> Task:
Word for word, copy the line that contains "6-Bed Room with" and each line after it in the data below. Pictures stay out of the copy.

> Short descriptive text snippets:

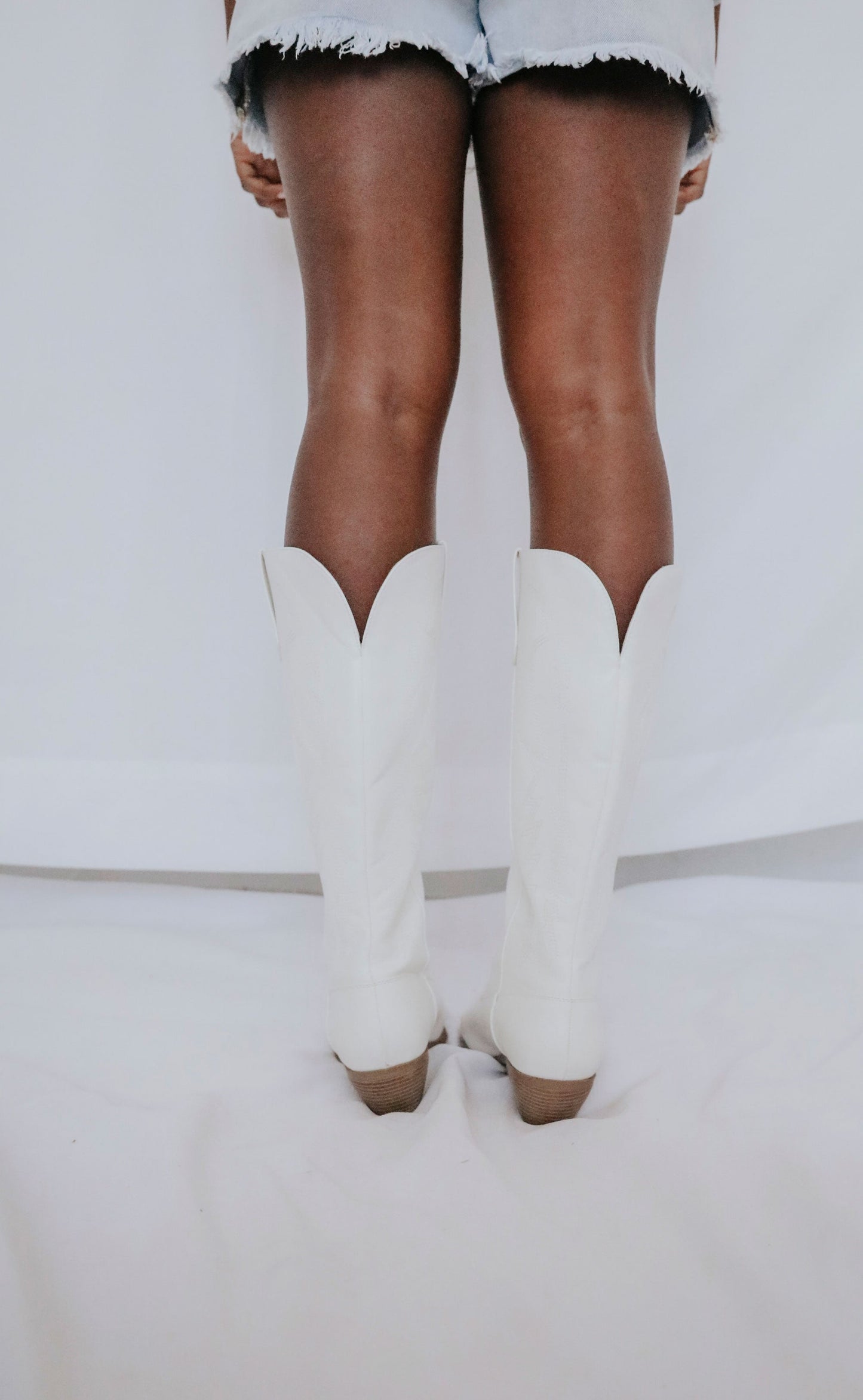 leave this town boot - white
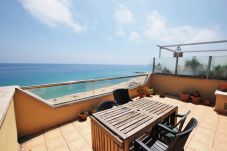 Ferienwohnung in Montgat - MG - Waves and sky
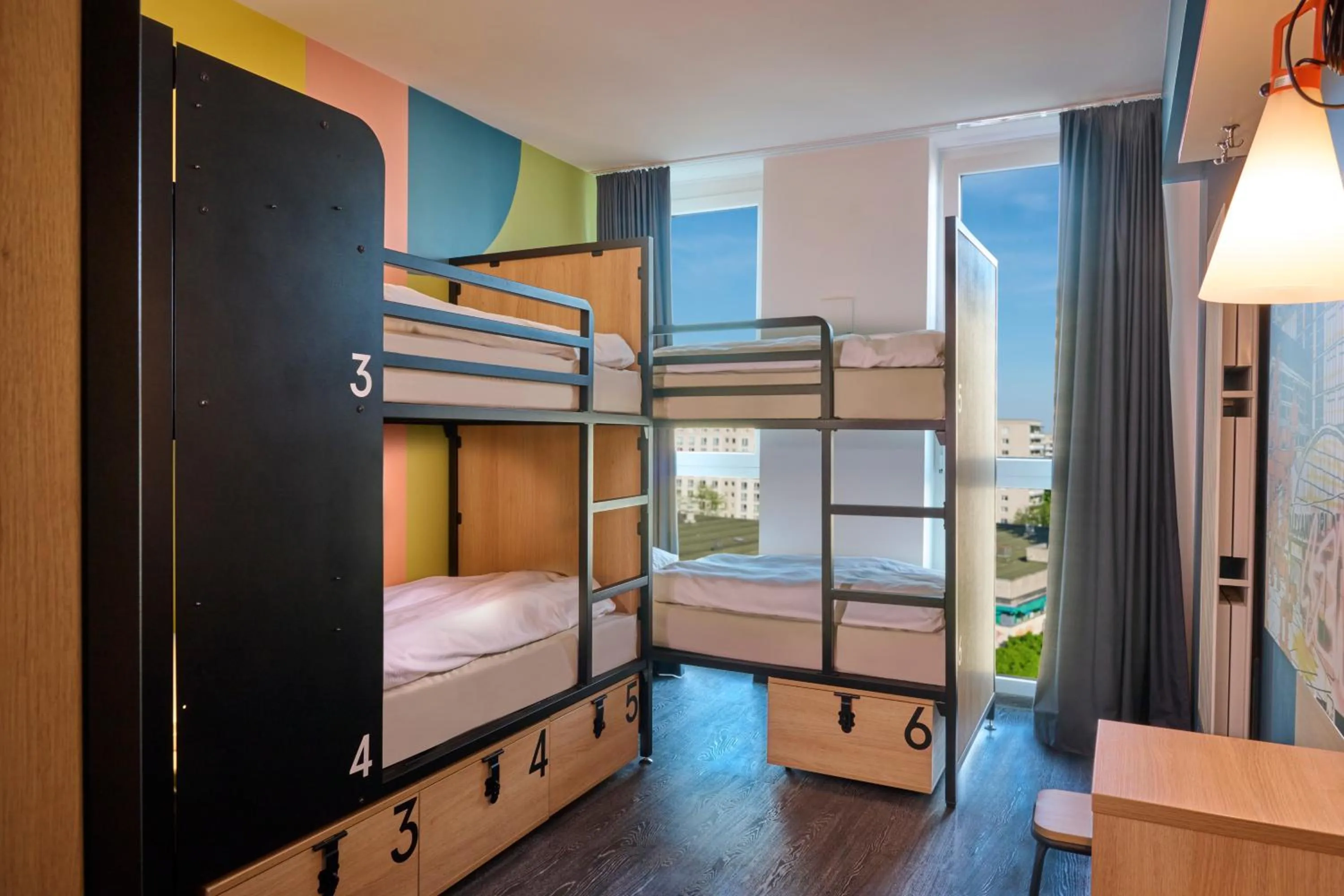 6-Bed Room with Private Bathroom in Generator Berlin Alexanderplatz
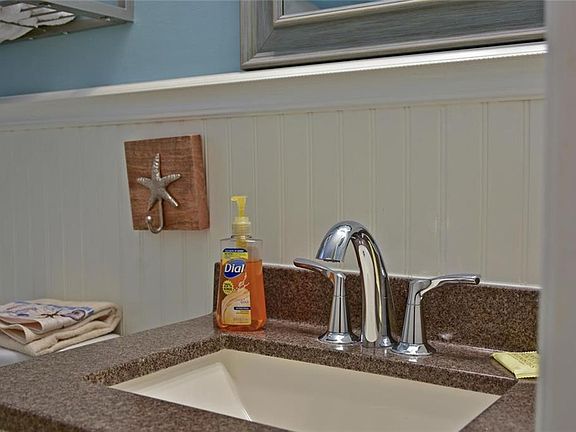 5th image of 170 Roosevelt Dr APT 17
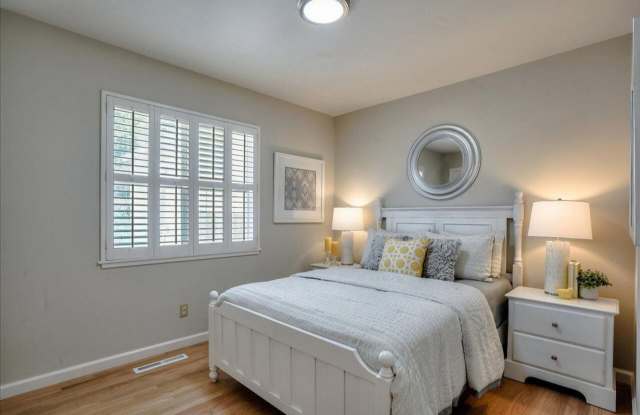 3725 Cottage Ct. Castro Valley 2 Bedroom 2 Bath Gallery 3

> Response box:
 6-Bed Room with Private Bathroom in Generator Berlin Alexanderplatz
 5th image of 170 Roosevelt Dr APT 17
 3725 Cottage Ct. Castro Valley 2 Bedroom 2 Bath Gallery 3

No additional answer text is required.